Abstract:Are intelligent machines really intelligent? Is the underlying philosophical concept of intelligence satisfactory for describing how the present systems work? Is understanding a necessary and sufficient condition for intelligence? If a machine could understand, should we attribute subjectivity to it? This paper addresses the problem of deciding whether the so-called "intelligent machines" are capable of understanding, instead of merely processing signs. It deals with the relationship between syntaxis and semantics.
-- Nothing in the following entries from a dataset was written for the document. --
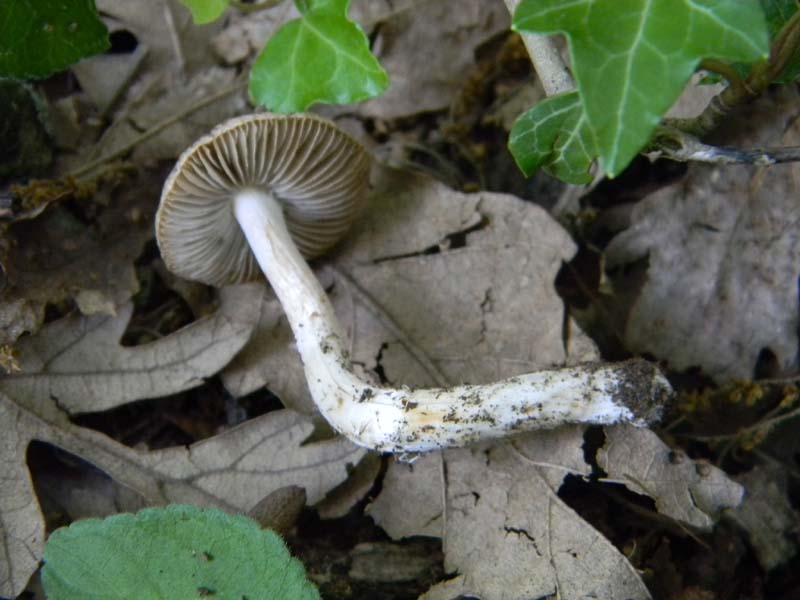 2Gruppo fot. il 27.05.2011.sotto Quercia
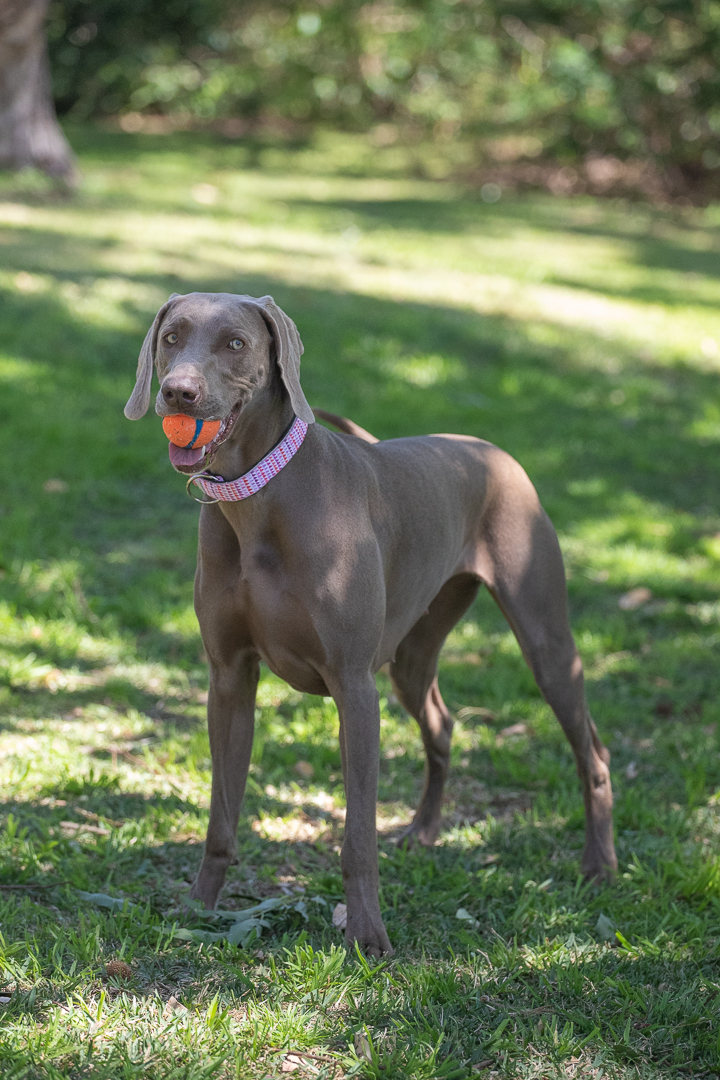 Weimaraners are totally bonkers and I love them. This is Billie.
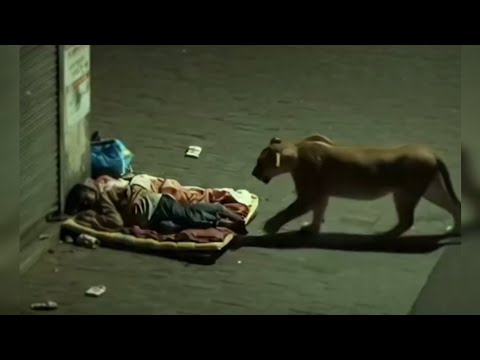 مشاهد تحدث فقط في الهند.. نمور وأسود في الشوارع !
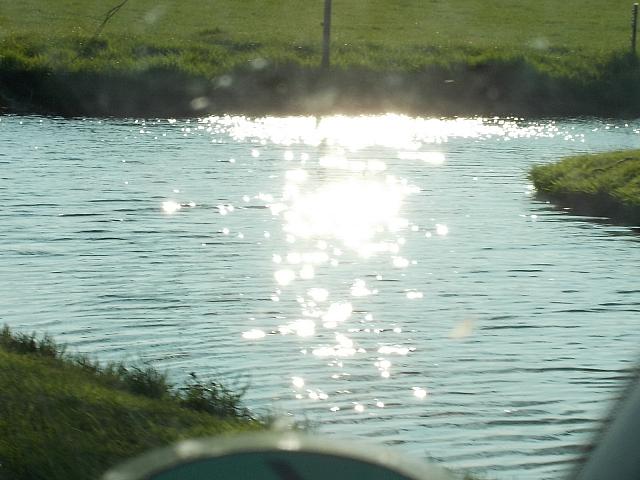 DSCN1387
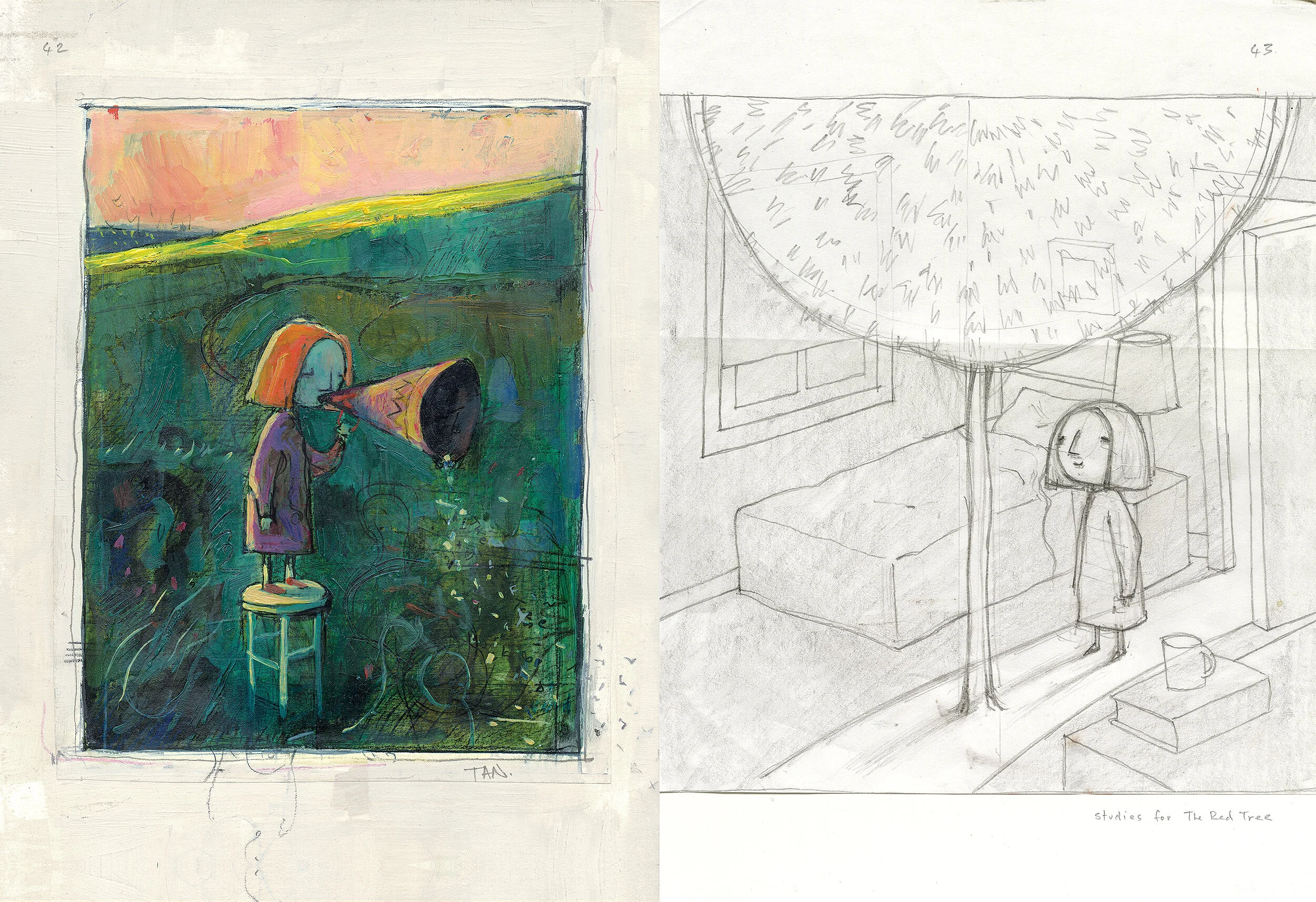 Bird King book — shaun tan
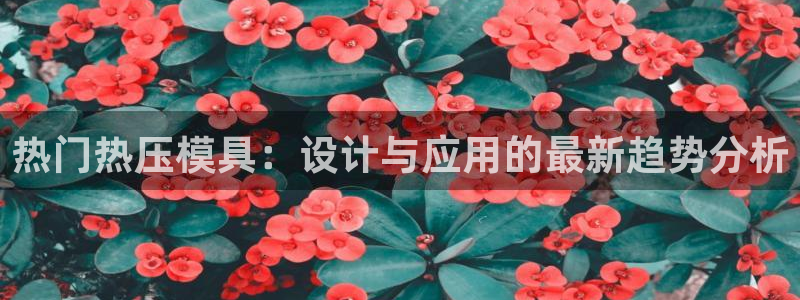 易倍单词app官网：热门热压模具：设计与应用的最新趋势分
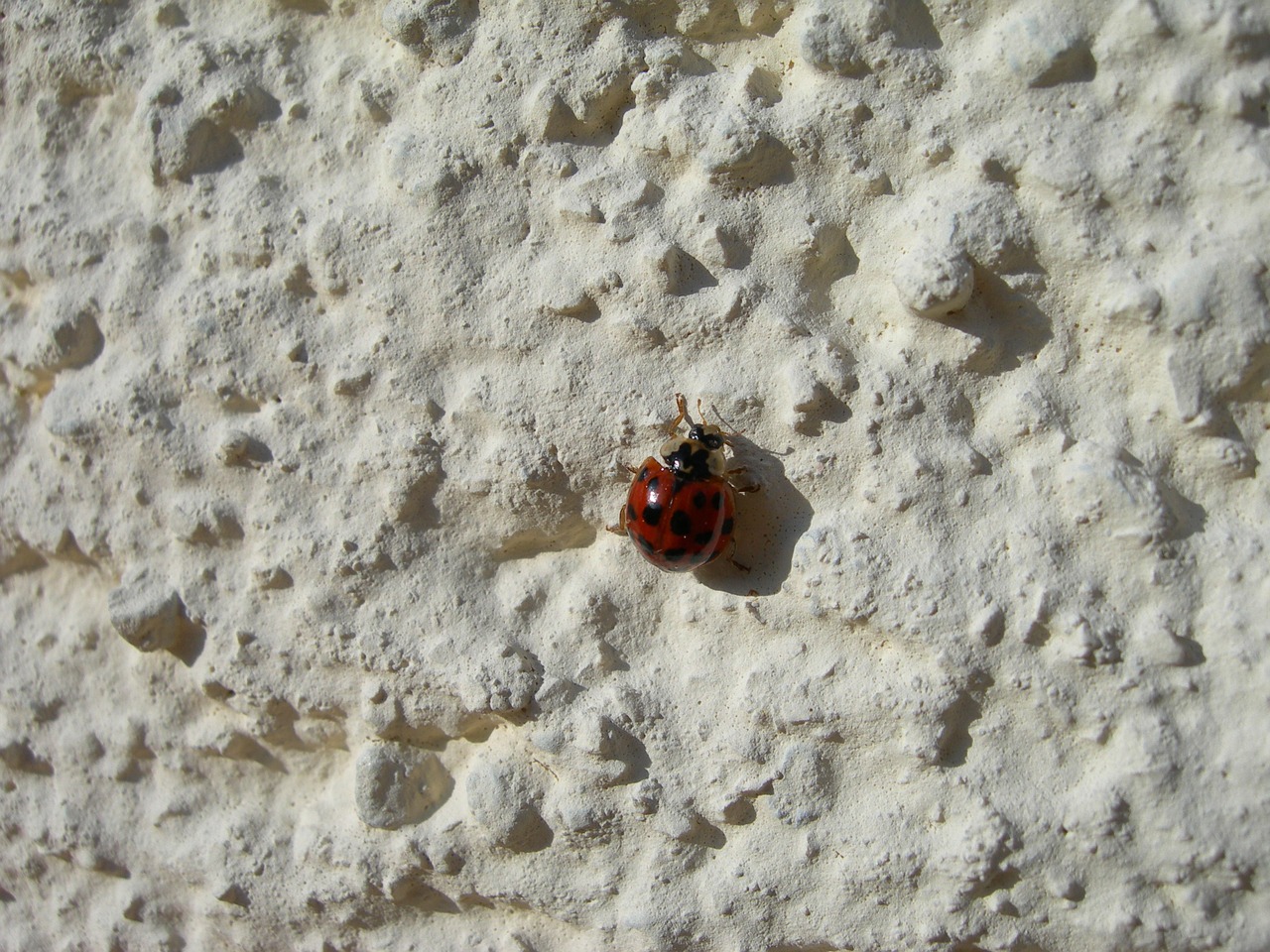 ladybug insect beetle free photo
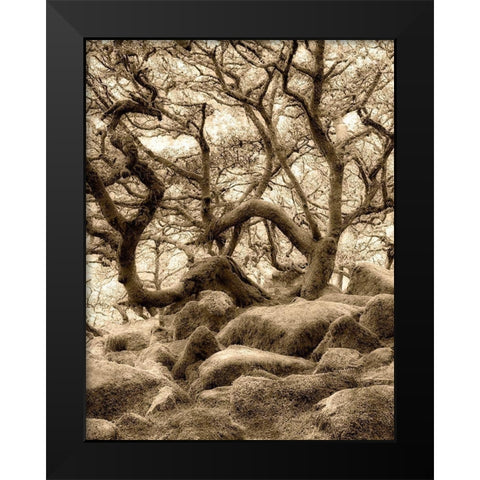 Moss covered oak trees in Wistmans Wood. Devon County. Dartmoor National Park, England Black Modern Wood Framed Art Print by Frates, Dennis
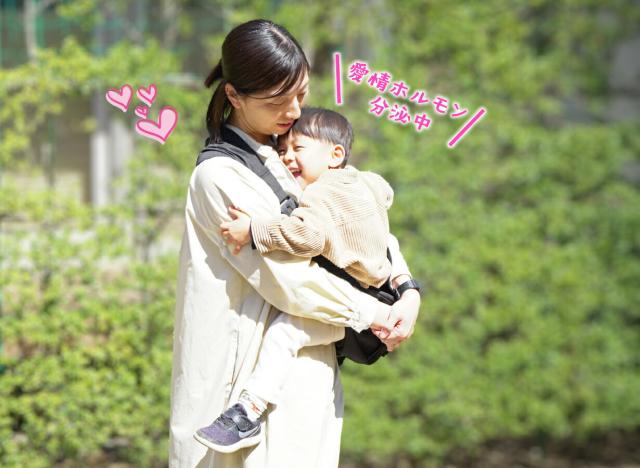 Hug育 バッグ DDiccho 抱っこができる ショルダーバッグ 抱っこ紐 20kg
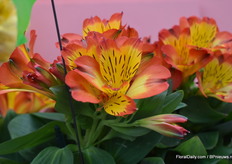 This is their Alstroemeria for in the garden. It's a really ourdoorplant, for now it's still just a number (PB1506).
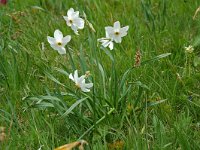 Narcissus poeticus 10, Witte narcis, Saxifraga-Willem van Kruijsbergen
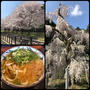 奈良県室生の大野寺まで桜見物に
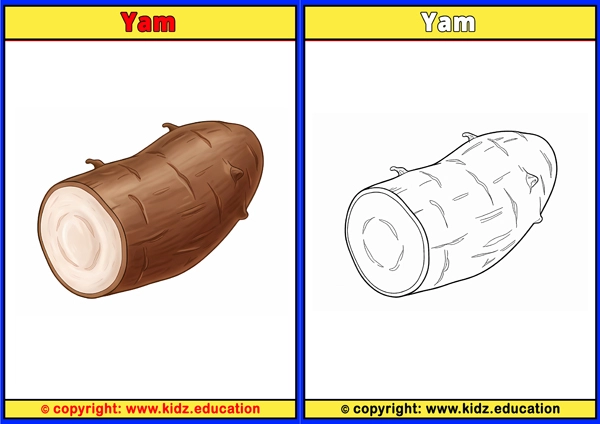 Yam - Printable Coloring Page for Kids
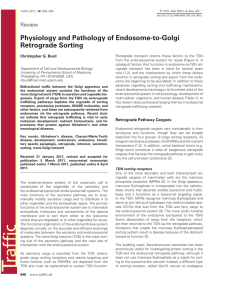 Physiology and Pathology of Endosome-to-Golgi Retrograde Sorting Review Christopher G. Burd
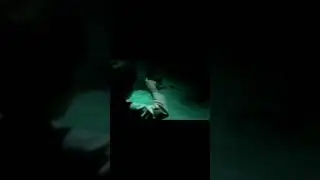 Scary  Netflix series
The main thesis concerns the inevitability of semantics for any discussion about the possibility of building conscious machines, condensed into the following two tenets: "If a machine is capable of understanding (in the strong sense), then it must be capable of combining rules and intuitions"; "If semantics cannot be reduced to syntaxis, then a machine cannot understand." Our conclusion states that it is not necessary to attribute understanding to a machine in order to explain its exhibited "intelligent" behavior; a merely syntactic and mechanistic approach to intelligence as a task-solving tool suffices to justify the range of operations that it can display in the current state of technological development.